There are plenty of dedicated statistics and scientific graphing programs out there, but all the ones I've found are limited in what they can do and relatively inflexible in their accepted data formats. In my case, the data sets ranged from search terms to subscriber-level ringtone records. Each was different and all needed a lot of scrubbing to put in a form that would allow the sort of calculations I was after, from powerlaw exponents to head/tail ratios.
And so I ended up where I'd started twenty years ago: writing code. As far as I can tell, it's the only way to really have the ultimate flexibility to ask any question of any kind of data set. I know of course that real geeks use Perl for this (as in "so I just tossed off a few lines of Perl", as if it were as simple as an email), but to be honest I just don't have the time to learn a new programming language. So I did what no self-respecting geek would admit to: I used Basic.
In fairness, a lot has changed since the "GOTO 50" days. For one thing, Microsoft's Visual Basic is now nearly as powerful (and as difficult to learn) as C++. It's fully structured, object-oriented and net-aware. It's also a pig to use, with even the most simple programs requiring all sorts of structure overhead. I gave up on that pretty quickly and went looking for something simpler.

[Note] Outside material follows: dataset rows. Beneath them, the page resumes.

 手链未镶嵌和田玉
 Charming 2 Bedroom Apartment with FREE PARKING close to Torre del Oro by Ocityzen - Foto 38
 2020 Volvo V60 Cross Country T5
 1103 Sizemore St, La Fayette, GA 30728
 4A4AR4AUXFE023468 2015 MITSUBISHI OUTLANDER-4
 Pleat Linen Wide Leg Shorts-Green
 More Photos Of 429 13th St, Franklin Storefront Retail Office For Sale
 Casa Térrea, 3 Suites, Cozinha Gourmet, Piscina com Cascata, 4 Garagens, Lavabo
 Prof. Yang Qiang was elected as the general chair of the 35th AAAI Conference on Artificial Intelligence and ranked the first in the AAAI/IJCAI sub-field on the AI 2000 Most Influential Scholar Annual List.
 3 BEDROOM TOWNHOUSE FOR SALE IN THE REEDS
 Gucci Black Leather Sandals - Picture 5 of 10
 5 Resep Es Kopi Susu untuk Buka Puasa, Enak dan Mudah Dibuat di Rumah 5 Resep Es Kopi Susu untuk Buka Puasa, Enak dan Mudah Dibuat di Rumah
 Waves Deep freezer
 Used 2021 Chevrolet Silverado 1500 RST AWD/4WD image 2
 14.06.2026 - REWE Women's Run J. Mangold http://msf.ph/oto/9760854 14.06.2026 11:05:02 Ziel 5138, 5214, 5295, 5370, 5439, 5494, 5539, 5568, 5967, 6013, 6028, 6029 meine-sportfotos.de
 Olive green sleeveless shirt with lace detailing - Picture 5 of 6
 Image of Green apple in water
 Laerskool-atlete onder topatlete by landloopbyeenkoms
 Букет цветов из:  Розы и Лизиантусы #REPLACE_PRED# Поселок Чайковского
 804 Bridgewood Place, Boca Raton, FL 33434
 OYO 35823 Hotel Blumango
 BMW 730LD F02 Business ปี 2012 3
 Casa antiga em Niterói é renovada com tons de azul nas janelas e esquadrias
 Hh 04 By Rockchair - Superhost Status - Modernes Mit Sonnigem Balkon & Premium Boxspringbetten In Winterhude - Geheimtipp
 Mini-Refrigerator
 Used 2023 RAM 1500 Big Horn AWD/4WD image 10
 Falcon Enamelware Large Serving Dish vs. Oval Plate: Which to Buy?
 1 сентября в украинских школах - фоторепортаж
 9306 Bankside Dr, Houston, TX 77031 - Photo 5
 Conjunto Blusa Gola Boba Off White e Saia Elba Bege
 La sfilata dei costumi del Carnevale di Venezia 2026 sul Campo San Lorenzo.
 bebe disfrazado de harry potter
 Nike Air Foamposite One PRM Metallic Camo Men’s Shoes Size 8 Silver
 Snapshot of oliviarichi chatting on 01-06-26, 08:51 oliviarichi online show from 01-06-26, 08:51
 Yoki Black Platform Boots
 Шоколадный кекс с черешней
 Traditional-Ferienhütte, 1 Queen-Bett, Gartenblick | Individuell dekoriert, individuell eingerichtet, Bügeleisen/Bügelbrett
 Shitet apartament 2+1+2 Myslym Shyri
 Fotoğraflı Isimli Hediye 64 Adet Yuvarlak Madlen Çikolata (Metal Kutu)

I found it in Liberty Basic. It's a proper structured programming language without the unnecessary complexity of languages trying to prove that they're "enterprise class". I know its string handling isn't nearly as good as Perl, but everything else about it is so easy to use, from its editor to its debugger, that I can deal with writing my own text parsers and the like. And like most Basics these days, you can use it in interpreted or compiled mode, so you can create stand-alone programs if you want. It's not fast, but to be honest that's probably more due to my grossly unoptomized algorithms than it is the language itself.
If you've been dabbling in large-scale data analysis and running up against the limits of Excel, you might want to give Liberty a shot, at least for rough, proof-of-concept stuff. Here, for instance, is a program I wrote to rank the individual words used in the search terms of the notorious AOL dataset. (Others have written programs to rank the whole terms, but I wanted to look at it at word level, to compare with Zipf analyses of natural language). I had to use a tiny (50,000 terms, or about 250,000 words) subset of the whole set, and even that took nearly 40 minutes to run because I didn't bother to optimize my lookup code, but it was enough to get a usable answer.
Now that I've relearned some programming, the next step will be to move up to a proper tool that really can handle data sets as big as AOL's. I've just bought the legendary Mathematica, which is a favorite on Wall Street and in universities alike, so that may well be the answer, although it's far from intuitive. I'll probably start by replicating my search word ranking program to see how much faster and more powerful Mathematica is. I can already tell this is going to take a while. Data analysis can get easier, but that still doesn't make it actually, you know, easy.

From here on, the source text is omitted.